_Try it_
There are pictures in the records below; leave them out and set down exactly the lines from the one holding "Armadio Panchina Multicolore" through the one holding "KL8CB6SA0GC610238 2016 CHEVROLET".

_Listed records_

......

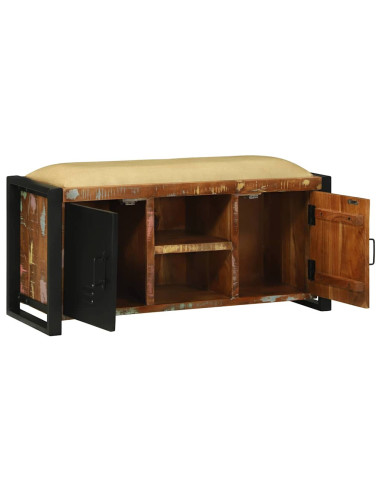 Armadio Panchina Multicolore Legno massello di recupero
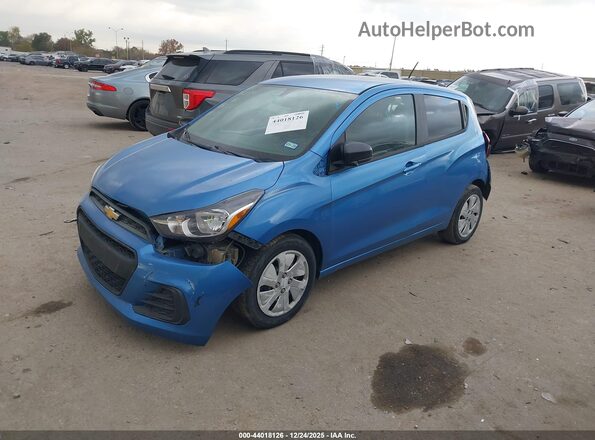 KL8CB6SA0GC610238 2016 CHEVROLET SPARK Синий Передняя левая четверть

......

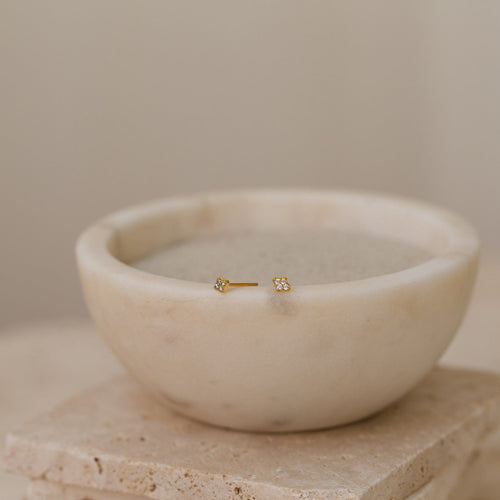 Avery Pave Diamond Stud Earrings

......

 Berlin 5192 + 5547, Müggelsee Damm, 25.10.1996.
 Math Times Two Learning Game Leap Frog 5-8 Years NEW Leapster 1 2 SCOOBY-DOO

......

_Exercise answer_
 Armadio Panchina Multicolore Legno massello di recupero
 KL8CB6SA0GC610238 2016 CHEVROLET SPARK Синий Передняя левая четверть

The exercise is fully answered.